▶ _Records for the task_

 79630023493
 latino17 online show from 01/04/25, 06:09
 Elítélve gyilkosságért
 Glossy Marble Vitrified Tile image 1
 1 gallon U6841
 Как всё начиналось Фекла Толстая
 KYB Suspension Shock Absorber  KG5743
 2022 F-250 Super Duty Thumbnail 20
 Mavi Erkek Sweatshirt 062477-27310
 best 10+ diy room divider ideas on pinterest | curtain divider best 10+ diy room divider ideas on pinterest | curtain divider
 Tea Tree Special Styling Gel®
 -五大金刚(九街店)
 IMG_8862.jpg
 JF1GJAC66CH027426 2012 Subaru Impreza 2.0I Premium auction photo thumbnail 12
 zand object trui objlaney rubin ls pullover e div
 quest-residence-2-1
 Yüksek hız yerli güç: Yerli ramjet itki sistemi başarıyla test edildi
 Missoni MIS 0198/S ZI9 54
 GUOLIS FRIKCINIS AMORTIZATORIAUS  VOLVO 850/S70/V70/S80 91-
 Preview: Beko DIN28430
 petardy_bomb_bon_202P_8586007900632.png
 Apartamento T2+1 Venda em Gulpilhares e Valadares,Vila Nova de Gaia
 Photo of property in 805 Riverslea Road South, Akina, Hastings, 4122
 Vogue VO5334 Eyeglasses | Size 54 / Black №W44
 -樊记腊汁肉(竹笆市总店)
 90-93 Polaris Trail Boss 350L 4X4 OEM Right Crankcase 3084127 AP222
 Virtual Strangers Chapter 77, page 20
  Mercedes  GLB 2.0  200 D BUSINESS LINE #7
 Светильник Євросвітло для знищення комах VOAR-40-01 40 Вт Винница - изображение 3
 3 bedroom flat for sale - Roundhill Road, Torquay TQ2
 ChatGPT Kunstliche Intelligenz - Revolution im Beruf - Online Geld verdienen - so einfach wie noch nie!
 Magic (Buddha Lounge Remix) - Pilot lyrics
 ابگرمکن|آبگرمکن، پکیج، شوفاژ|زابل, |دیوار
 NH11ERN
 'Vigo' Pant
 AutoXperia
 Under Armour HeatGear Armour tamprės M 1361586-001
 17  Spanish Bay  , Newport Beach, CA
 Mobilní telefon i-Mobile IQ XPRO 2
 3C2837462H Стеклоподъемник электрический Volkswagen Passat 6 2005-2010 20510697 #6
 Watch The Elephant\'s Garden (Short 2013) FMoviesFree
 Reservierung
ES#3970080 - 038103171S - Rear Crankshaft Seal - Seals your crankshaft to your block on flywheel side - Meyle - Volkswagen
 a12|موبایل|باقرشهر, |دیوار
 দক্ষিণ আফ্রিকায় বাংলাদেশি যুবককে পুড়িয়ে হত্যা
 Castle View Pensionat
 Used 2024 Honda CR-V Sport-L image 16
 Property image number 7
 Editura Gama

▶ _Your objective_
Write down every line of the data exactly as it appears above.

▶ _Response to the task_
 79630023493
 latino17 online show from 01/04/25, 06:09
 Elítélve gyilkosságért
 Glossy Marble Vitrified Tile image 1
 1 gallon U6841
 Как всё начиналось Фекла Толстая
 KYB Suspension Shock Absorber  KG5743
 2022 F-250 Super Duty Thumbnail 20
 Mavi Erkek Sweatshirt 062477-27310
 best 10+ diy room divider ideas on pinterest | curtain divider best 10+ diy room divider ideas on pinterest | curtain divider
 Tea Tree Special Styling Gel®
 -五大金刚(九街店)
 IMG_8862.jpg
 JF1GJAC66CH027426 2012 Subaru Impreza 2.0I Premium auction photo thumbnail 12
 zand object trui objlaney rubin ls pullover e div
 quest-residence-2-1
 Yüksek hız yerli güç: Yerli ramjet itki sistemi başarıyla test edildi
 Missoni MIS 0198/S ZI9 54
 GUOLIS FRIKCINIS AMORTIZATORIAUS  VOLVO 850/S70/V70/S80 91-
 Preview: Beko DIN28430
 petardy_bomb_bon_202P_8586007900632.png
 Apartamento T2+1 Venda em Gulpilhares e Valadares,Vila Nova de Gaia
 Photo of property in 805 Riverslea Road South, Akina, Hastings, 4122
 Vogue VO5334 Eyeglasses | Size 54 / Black №W44
 -樊记腊汁肉(竹笆市总店)
 90-93 Polaris Trail Boss 350L 4X4 OEM Right Crankcase 3084127 AP222
 Virtual Strangers Chapter 77, page 20
  Mercedes  GLB 2.0  200 D BUSINESS LINE #7
 Светильник Євросвітло для знищення комах VOAR-40-01 40 Вт Винница - изображение 3
 3 bedroom flat for sale - Roundhill Road, Torquay TQ2
 ChatGPT Kunstliche Intelligenz - Revolution im Beruf - Online Geld verdienen - so einfach wie noch nie!
 Magic (Buddha Lounge Remix) - Pilot lyrics
 ابگرمکن|آبگرمکن، پکیج، شوفاژ|زابل, |دیوار
 NH11ERN
 'Vigo' Pant
 AutoXperia
 Under Armour HeatGear Armour tamprės M 1361586-001
 17  Spanish Bay  , Newport Beach, CA
 Mobilní telefon i-Mobile IQ XPRO 2
 3C2837462H Стеклоподъемник электрический Volkswagen Passat 6 2005-2010 20510697 #6
 Watch The Elephant\'s Garden (Short 2013) FMoviesFree
 Reservierung
ES#3970080 - 038103171S - Rear Crankshaft Seal - Seals your crankshaft to your block on flywheel side - Meyle - Volkswagen
 a12|موبایل|باقرشهر, |دیوار
 দক্ষিণ আফ্রিকায় বাংলাদেশি যুবককে পুড়িয়ে হত্যা
 Castle View Pensionat
 Used 2024 Honda CR-V Sport-L image 16
 Property image number 7
 Editura Gama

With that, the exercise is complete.